Contributed by Nancy Hall, Museum of Alaska Transportation and Industry
Great news. The Museum of Alaska Transportation and Industry (MATI) will be open in Wasilla this summer. We will be open four days a week, Friday through Monday, starting Memorial Day weekend from 11am to 3pm.
We have several new and exciting additions to our museum. We recently received the Spartan aerial platform fire truck, originally used on Prudhoe Bay, then used by West Lakes Fire Department, who in turn donated it to us. The ladder extends an amazing 100 feet into the air. Imagine being on the platform that high in the air to rescue someone or to control the pressurized fire hose directed at a burning building. This Spartan truck joins our other many fire trucks located outside in the 15 acres adjoining our building.
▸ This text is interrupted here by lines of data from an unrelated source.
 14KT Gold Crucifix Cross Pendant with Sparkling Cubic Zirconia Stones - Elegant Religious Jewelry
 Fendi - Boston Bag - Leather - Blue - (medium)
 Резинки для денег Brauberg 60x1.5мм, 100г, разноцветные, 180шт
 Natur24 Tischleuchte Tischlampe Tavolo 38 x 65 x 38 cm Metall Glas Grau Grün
Other new items are our picture boards where you can stick your face through the hole in the picture board and now you can take your picture. You can be a successful fisherman reeling in that giant fish. Pretend to be a pilot flying around the inside of the building. As a train conductor, you can signal the oncoming train. Or you can take a picture of mom and dad pretending to be a 1930 Palmer Colonist farm couple in the Alaskan version of American Gothic. Three picture boards are scattered outside located near the exhibit areas they most closely represent, and one is located inside the museum building.
See and learn the real history of Alaska. Inside the building learn about the bush pilots both male and female who explored and developed the Alaska we know today. They soared through valleys, over glaciers and around mountains to deliver mail and to provide supplies and to rescue people.
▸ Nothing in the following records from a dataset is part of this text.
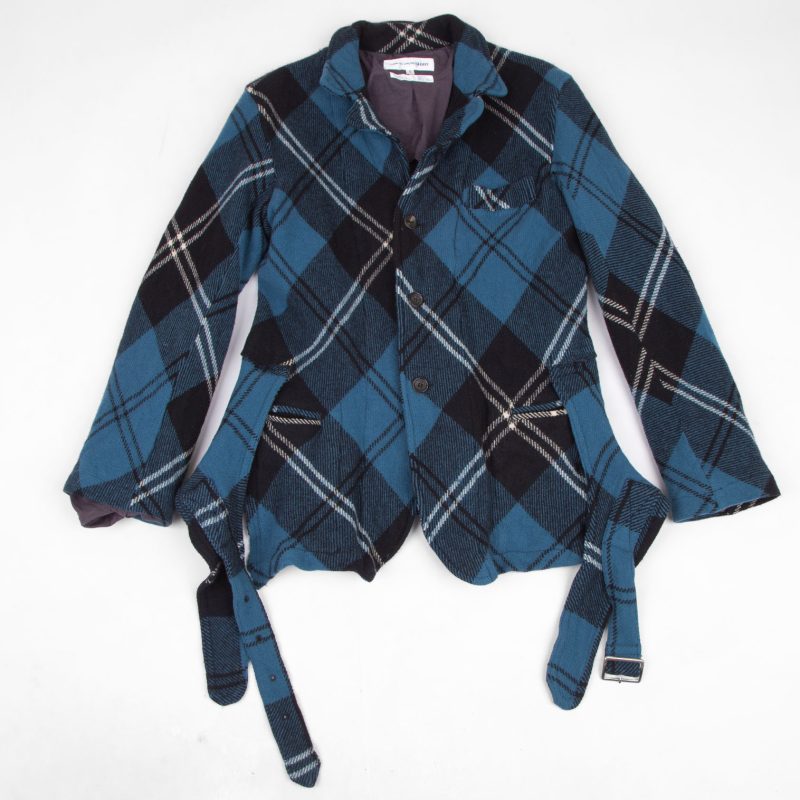 COMME des GARCONS SHIRT Plaids Belted Design Wool Jacket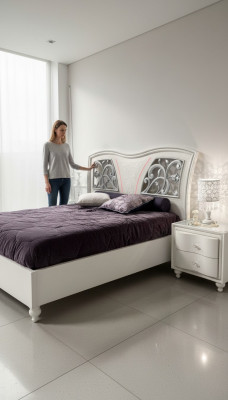 Bettrahmen Holz Doppel Schlafzimmer Weiß Modern Doppelbett Möbel Bett Betten Neu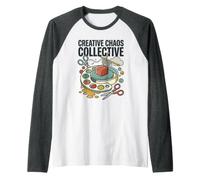 Creativo Caos Colectivo Artista Artesanía Humor Arte Mixto Media Camiseta Manga Raglan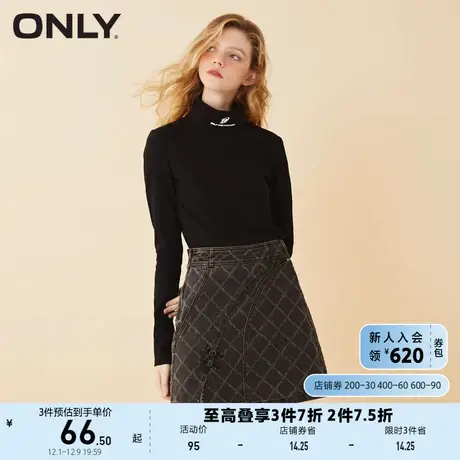 ONLY奥莱夏季设计感高领套头印花长袖打底衫T恤女商品大图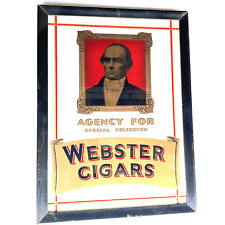RARE Vintage Glass Reverse Painted Cigar Store General Store Advertising Sign picture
On the floor inside, see the beautifully restored car that President Harding used when he visited Alaska in 1923 among many other restored cars. See the car that isn’t a Ford, Chevrolet or anything identifiable. So, the title says “homemade”. Al Gagnon used anything he could find to make the truck. He used pieces from tractors, mining equipment and anything else he could find. The story says there is even a spoon used to make the truck. Can you find the spoon?
The outside 15 acres have many exhibits. You can board the six cars of the train that was a WWII troop train, where you can walk through the history of mining in Alaska. Throughout these cars you can see photos that introduce you to the struggles and hardships early miners suffered to extract gold, coal and 95% pure copper from mines throughout the state while living and working under the extreme Alaskan conditions. Under the pictures are the actual implements and equipment necessary to operate these mines and rail lines. Heading up these trains are two train engines, the 1500 and the X1000, that were used in the exciting 1985 movie the Runaway Train starring Jon Voight, Eric Roberts and Rebecca DeMorney.
Imagine fighting the tide and the role of the ocean in a double-ended fishing boat that doesn’t have an outboard or inboard motor. See some of the original snow machines, which are nothing compared to our new sleek versions.
Did you know the early railroads in Alaska included a school bus, ambulance and an auto-railer?
Farm equipment, the original Anchorage airport tower, radio and communication equipment, gold mining, Native crafts, experimental aircraft and other Alaskan historical memorabilia are only some of the other exhibits you can enjoy at our museum.
Come learn the history of our Alaska.